Every line of the data below is to be given again as it appears, with the images removed.

BEGIN Raw data

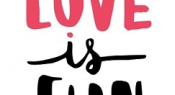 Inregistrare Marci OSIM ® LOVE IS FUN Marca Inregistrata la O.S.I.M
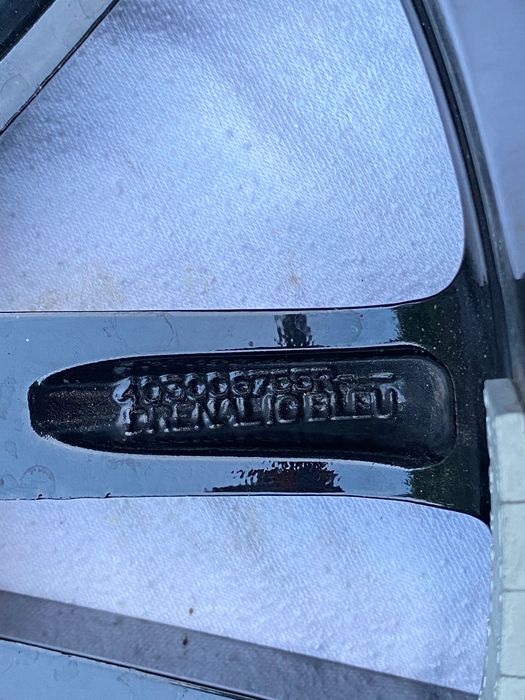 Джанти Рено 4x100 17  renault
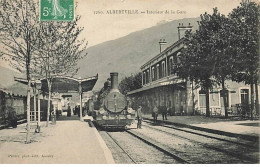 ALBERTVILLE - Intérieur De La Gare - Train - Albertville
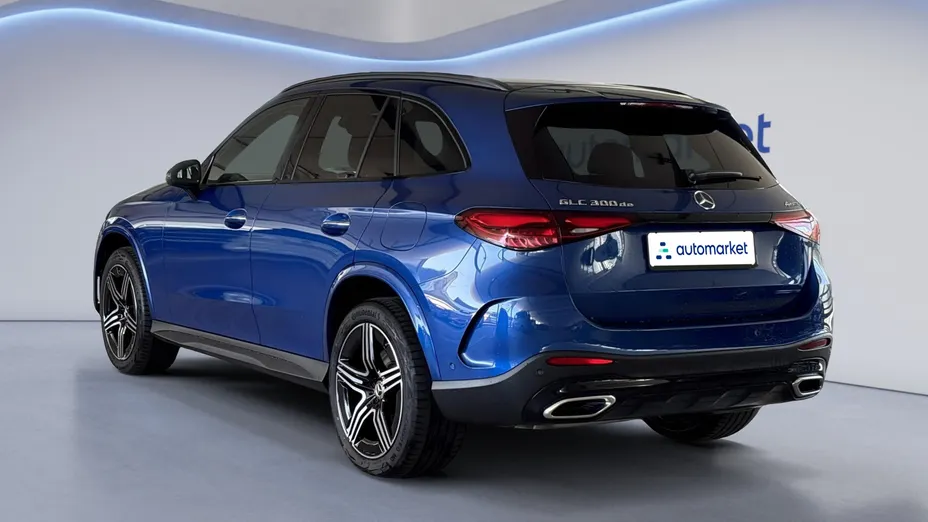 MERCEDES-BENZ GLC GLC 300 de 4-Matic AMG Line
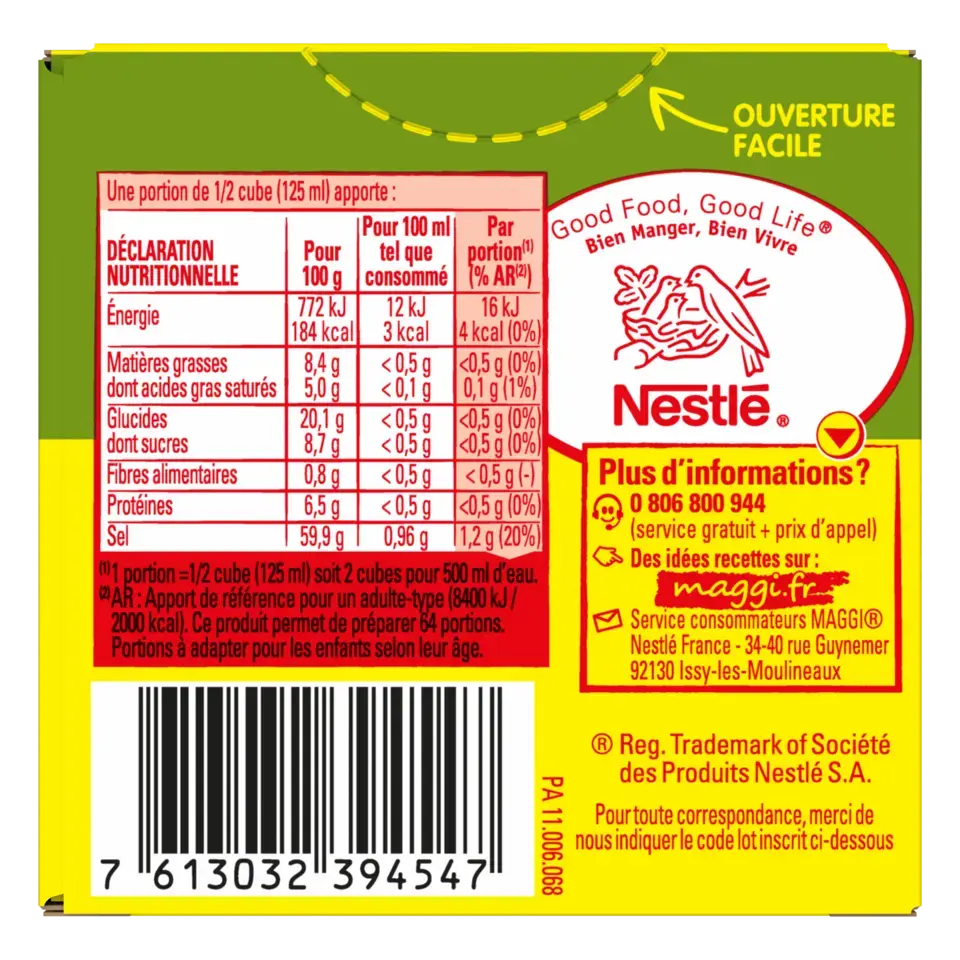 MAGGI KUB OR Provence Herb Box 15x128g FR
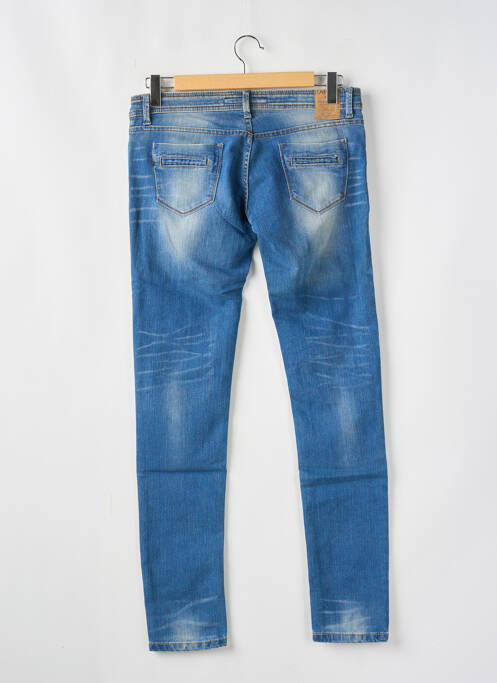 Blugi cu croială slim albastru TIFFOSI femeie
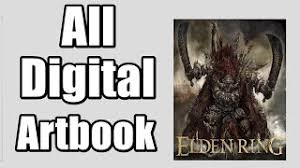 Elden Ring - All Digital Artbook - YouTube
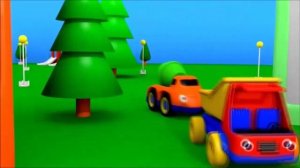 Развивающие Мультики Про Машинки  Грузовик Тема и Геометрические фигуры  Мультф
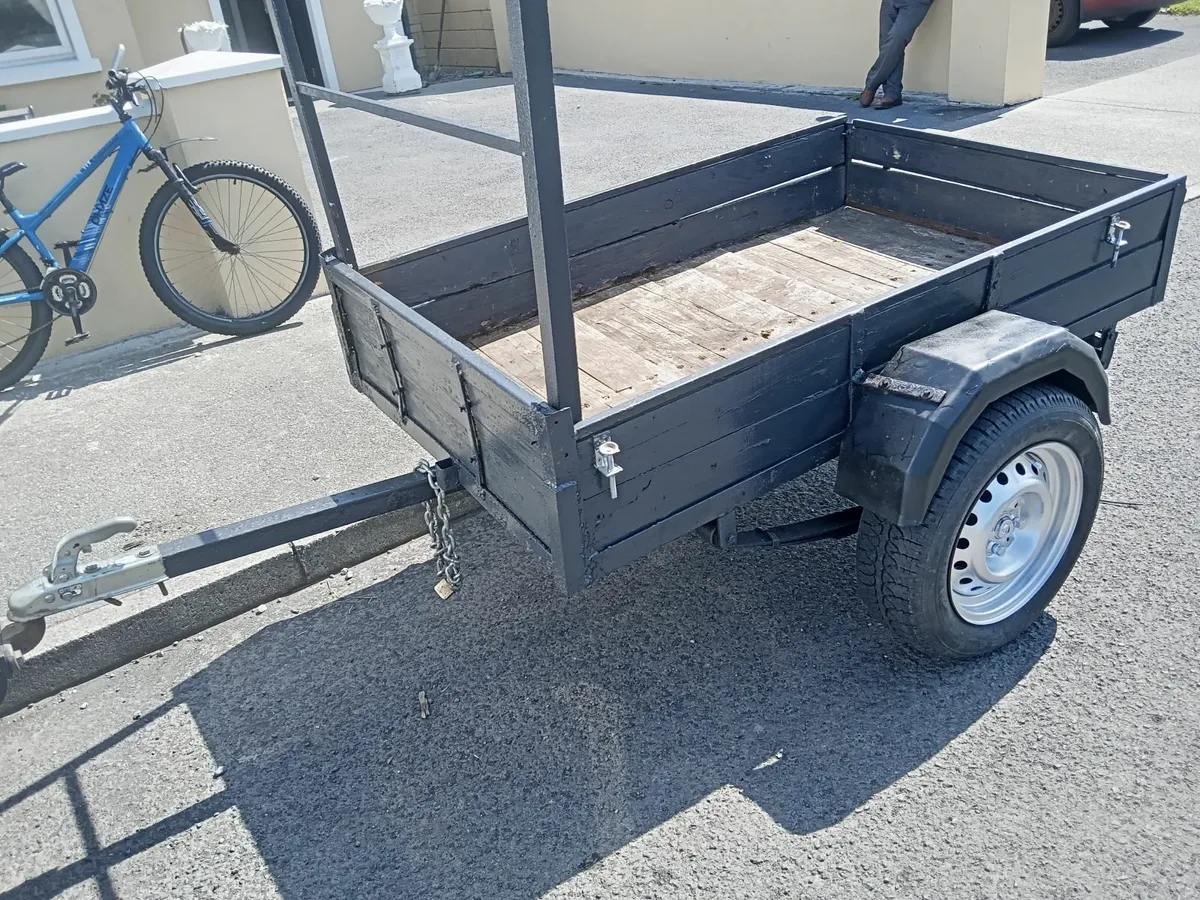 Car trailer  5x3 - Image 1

END Raw data

▶ _Worked solution_:
 Inregistrare Marci OSIM ® LOVE IS FUN Marca Inregistrata la O.S.I.M
 Джанти Рено 4x100 17  renault
 ALBERTVILLE - Intérieur De La Gare - Train - Albertville
 MERCEDES-BENZ GLC GLC 300 de 4-Matic AMG Line
 MAGGI KUB OR Provence Herb Box 15x128g FR
 Blugi cu croială slim albastru TIFFOSI femeie
 Elden Ring - All Digital Artbook - YouTube
 Развивающие Мультики Про Машинки  Грузовик Тема и Геометрические фигуры  Мультф
 Car trailer  5x3 - Image 1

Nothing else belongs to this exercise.